Looking at how we allocate capital is going to be a very extensive project for us between now and October when we submit our budget to the Board. I would say from -- since I have been with Cabot and looking at the number of opportunities and the number of good opportunities that we've had on our plate to be able to make these choices is as large of an opportunity as I have seen, since I have been with Cabot. So it is going to be a challenge addressing your point about how much you reduce maybe Canada opportunities. And you look at the overall balance of production reserves, of rate of return that the Rockies, mid-continent, east Texas and the East will yield is going to be our challenge. And I'm confident that we are going to be able to put forth to the Cabot shareholder a program that's going to have a very good returns and returns on all those metrics when we complete that process.
- Analyst
Thanks. I think you did make a decision just in the last few months to reduce some activity in the Legacy Appalachia areas and I wondered if that was a conscious decision to prioritize the Rockies over Legacy Appalachia or if there were kind of people issues that played into that as well as you shift people and capital into the Marcellus.
- Chairman, President & CEO
Yes. It is a little bit of both, Brian, with our staff size in the East and looking at all the moving parts that's attached to the Marcellus trying to plow new ground not only in the field but also through the regulatory process and being able to mature a program with some element of consistency and meeting expectations. It is taking a great deal of our manpower effort, conscious effort to allocate away from the traditional into the Marcellus to get a smooth flow operation and be able to meet our say 80 plus or minus well expectation into 2009. We have not allocated personnel to any great extent in between regions at this time but we certainly have position requisitions open in the East and in east Texas to fill some voids that we have.
- Analyst
Great. Thanks. Lastly, you indicated you expect the permit in the -- the water permit in the Marcellus and northeast PA to be approved in September. Can you add any color or if there is any risk that happens either earlier or later?
- Chairman, President & CEO
I will let Mike answer some of that, Brian.
- COO & SVP
Brian, as we mentioned we have kind of approached the water issue two ways. Number one, is that we have figured out a short term solution to access water for drilling and limited completion work through the [Susquhana] basin and we have got permission to do that now. That's kinds of a stop gap measure until we get our global permit which will be coming in the middle of September. Once we get that permit, we have identified multiple sources of water that the permit will cover and that will be able -- that permit will allow us to wrap up our drilling program and also get back on the completion schedules. And we think that once that's in place and the slow down that the industry is seeing now, at least from Cabot standpoint will be over and we we will be able to get to the schedule that we had planned initially.
- Analyst
Great. Thank you.
Operator
Thank you. Your next question comes from the line of Ellen Hannan with Weeden and Company.
- Analyst
Dan, there was a time you all had kind of looked at a $2 S&D cost overall for Cabot. What you felt comfortable with your program. Do you still think that is real stick in light of where costs and things are going?

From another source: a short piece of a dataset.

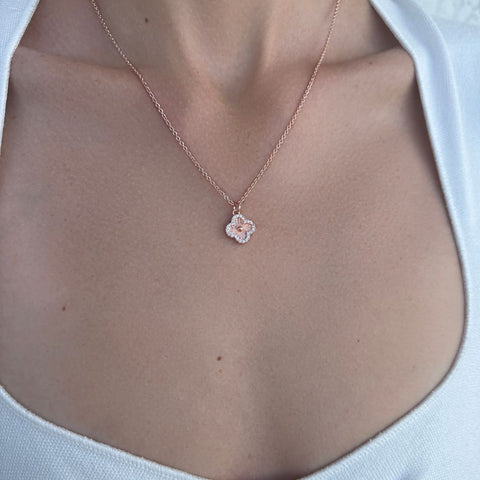 Button Clover CZ Halo Necklace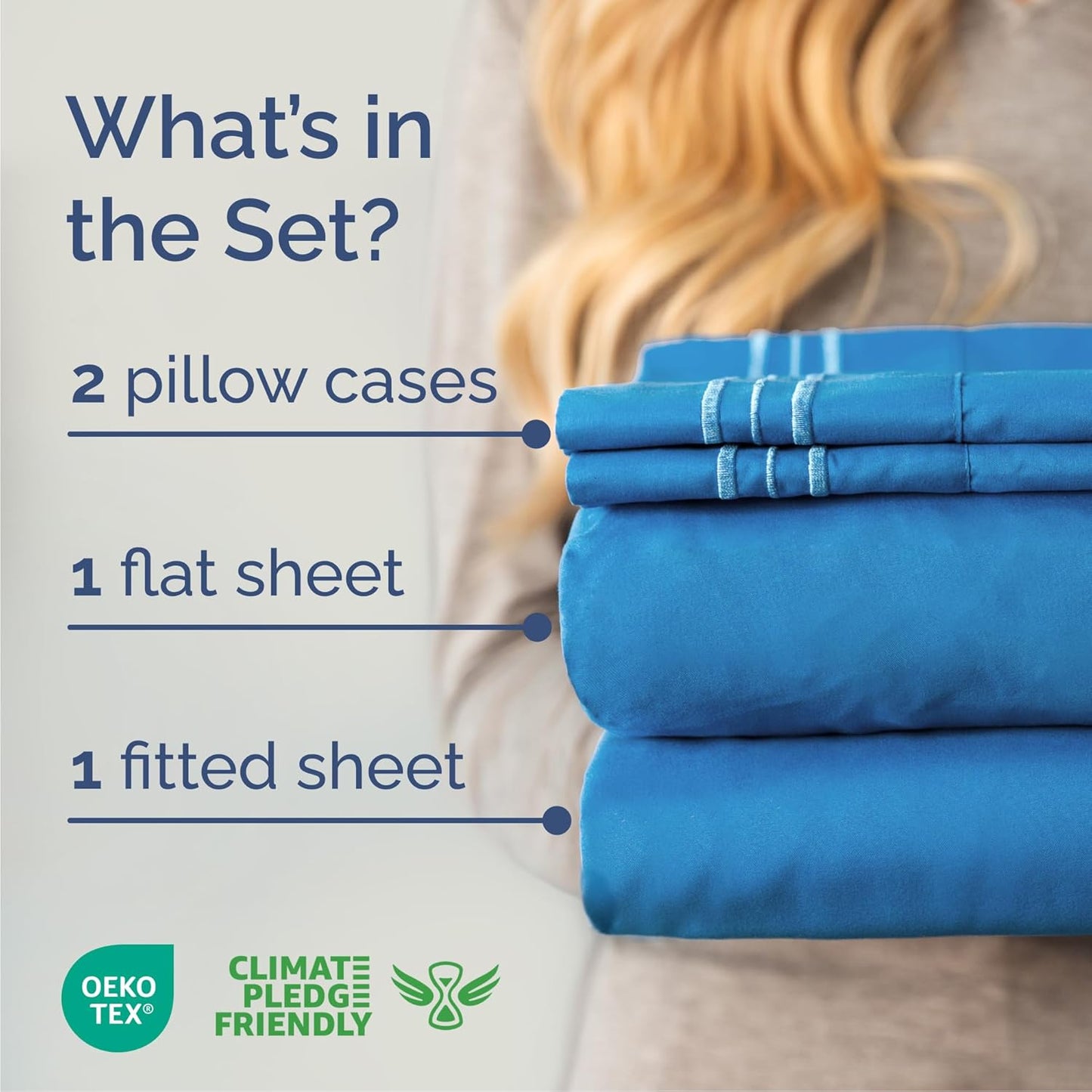 Cal King Size 4 Piece Sheet Set - Comfy Breathable & Cooling Bed Sheets Set - Hotel Luxury Bedding for Women, Men, Kids, Teens, Boys & Girls - Deep Pockets, Soft, Wrinkle Free - Oeko-Tex - Royal Blue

- Chairman, President & CEO
Yeah, I think it is realistic. I think you are going to see some impact on that cost this year in light of our extensive leasing effort in some of the areas that we have been playing have had some fairly stellar per acre costs associated with it. We are also as a pressure on that number, Ellen, seeing some inflationary pressures, particularly from tubulars that we will be dealing with and certainly be rolled into that number. But we do, though, expect to -- might not be at $2 but we expect to have a cost to find number that I think will be attractive in relation to the peer group.
- Analyst
Great. And then just another. In terms of the Gulf Coast area and the acquisition you are getting ready to close. Do you have any expectations of what you think you can do in terms of production growth going into 2009, just taking into consideration on production and equipment and that sort of thing.
- Chairman, President & CEO
We are optimistic about our production growth particularly considering the number of horizontal initiatives that we have ongoing right now. The difficulty on the snapshot period that we are in is just getting our hands on solid information that we can analyze, we can look at, we can do testing analysis on on initial flow rates, pressures, declines to be able to make a good forecast into 2009. But we have seen certainly the industry and others make a robust reports on horizontal drilling and we frankly have a lot of optimism in what we are going to see but we don't have the information in hand yet. Again, frustrating for us, Ellen, just like I'm sure it is for y'all. But, it is a little bit waiting now but we are spending money and we have rigs committed to this horizontal section and we are going to get the information between now and the end of year on a whole lot of new projects.
- Analyst
That's terrific. Thanks. One other question maybe for Mike. Could you just give us an idea of what your expectations are on a horizontal Hainesville line well maybe contrast it with James Line. What are you looking for? What do you expect out of that horizontal test?
- COO & SVP
We are based on modeling, Ellen, on the results of our vertical wells and we certainly don't think that we will see any difference in multiples between vertical to horizontal as to what we have talked about earlier in the James as well as in some of these shale plays. So it will be a multiple three to four times what we see on vertical for the reserves and right now the best we -- we are ranging 1B to 1.5 Bs reserves in Hainesville. I'm thinking a horizontal line shot should see three or four times multiples.
- Analyst
That's it for me. Thank you very much.
- Chairman, President & CEO
Thank you.
Operator
Thank you. Your next question comes from the line of Eric Haggen with Merrill Lynch.
- Analyst
Good morning. Just a question on any problems acquiring rigs? And also pipe getting tubulars? Have you prepurchased that?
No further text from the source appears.